=== Section Start ===
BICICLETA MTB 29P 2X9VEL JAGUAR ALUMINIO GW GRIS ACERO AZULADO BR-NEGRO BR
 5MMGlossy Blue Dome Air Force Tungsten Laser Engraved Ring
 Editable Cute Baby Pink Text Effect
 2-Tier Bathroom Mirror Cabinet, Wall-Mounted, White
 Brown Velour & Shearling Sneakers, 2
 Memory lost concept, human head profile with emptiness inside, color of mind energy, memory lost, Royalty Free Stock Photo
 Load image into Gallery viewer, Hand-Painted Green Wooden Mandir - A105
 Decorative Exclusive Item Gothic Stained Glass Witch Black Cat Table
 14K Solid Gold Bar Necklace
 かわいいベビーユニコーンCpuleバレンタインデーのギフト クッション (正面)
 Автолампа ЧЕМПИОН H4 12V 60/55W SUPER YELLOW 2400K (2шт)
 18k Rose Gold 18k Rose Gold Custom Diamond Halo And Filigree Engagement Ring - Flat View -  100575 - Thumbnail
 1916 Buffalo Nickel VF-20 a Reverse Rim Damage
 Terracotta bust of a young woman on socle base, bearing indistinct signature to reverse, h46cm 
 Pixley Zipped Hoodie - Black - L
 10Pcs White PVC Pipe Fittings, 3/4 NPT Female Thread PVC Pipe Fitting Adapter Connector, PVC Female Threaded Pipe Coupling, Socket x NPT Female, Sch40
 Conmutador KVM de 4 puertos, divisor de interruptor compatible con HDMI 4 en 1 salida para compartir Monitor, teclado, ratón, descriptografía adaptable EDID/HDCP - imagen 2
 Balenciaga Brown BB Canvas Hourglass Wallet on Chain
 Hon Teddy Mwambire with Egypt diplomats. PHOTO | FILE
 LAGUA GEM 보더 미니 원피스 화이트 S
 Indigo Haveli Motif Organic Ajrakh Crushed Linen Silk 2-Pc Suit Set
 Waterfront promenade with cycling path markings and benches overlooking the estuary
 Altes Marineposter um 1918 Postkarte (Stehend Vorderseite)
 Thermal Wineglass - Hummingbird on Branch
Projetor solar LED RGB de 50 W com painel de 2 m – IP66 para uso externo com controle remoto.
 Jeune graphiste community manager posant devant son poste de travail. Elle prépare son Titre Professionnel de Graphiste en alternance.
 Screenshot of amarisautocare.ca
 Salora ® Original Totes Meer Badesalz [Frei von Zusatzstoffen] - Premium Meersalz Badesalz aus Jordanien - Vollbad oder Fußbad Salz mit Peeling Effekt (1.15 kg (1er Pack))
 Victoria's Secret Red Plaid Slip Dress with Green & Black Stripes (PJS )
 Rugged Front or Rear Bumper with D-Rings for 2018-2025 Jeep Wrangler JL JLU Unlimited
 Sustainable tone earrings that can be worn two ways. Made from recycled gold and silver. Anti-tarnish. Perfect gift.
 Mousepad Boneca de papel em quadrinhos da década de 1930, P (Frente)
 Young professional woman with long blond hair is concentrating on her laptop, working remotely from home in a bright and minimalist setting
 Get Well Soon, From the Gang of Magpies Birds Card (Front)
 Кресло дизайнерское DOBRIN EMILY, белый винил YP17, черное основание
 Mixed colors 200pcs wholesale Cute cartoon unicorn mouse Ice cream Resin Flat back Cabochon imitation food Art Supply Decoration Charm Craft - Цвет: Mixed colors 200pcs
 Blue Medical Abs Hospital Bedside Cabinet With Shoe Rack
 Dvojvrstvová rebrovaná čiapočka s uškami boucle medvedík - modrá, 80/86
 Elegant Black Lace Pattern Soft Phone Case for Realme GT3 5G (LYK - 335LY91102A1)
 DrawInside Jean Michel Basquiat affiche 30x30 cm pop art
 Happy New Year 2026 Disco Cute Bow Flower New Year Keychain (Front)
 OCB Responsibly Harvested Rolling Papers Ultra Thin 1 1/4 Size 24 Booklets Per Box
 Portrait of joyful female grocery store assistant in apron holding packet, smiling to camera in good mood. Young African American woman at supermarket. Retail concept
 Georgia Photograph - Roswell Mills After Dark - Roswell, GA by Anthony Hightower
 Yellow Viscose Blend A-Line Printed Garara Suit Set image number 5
=== Section End ===
• [Try it]:
Return exactly, and only, the lines above starting at the line that contains "Кресло дизайнерское DOBRIN" and ending at the line that contains "Portrait of joyful".

• [Solution]:
 Кресло дизайнерское DOBRIN EMILY, белый винил YP17, черное основание
 Mixed colors 200pcs wholesale Cute cartoon unicorn mouse Ice cream Resin Flat back Cabochon imitation food Art Supply Decoration Charm Craft - Цвет: Mixed colors 200pcs
 Blue Medical Abs Hospital Bedside Cabinet With Shoe Rack
 Dvojvrstvová rebrovaná čiapočka s uškami boucle medvedík - modrá, 80/86
 Elegant Black Lace Pattern Soft Phone Case for Realme GT3 5G (LYK - 335LY91102A1)
 DrawInside Jean Michel Basquiat affiche 30x30 cm pop art
 Happy New Year 2026 Disco Cute Bow Flower New Year Keychain (Front)
 OCB Responsibly Harvested Rolling Papers Ultra Thin 1 1/4 Size 24 Booklets Per Box
 Portrait of joyful female grocery store assistant in apron holding packet, smiling to camera in good mood. Young African American woman at supermarket. Retail concept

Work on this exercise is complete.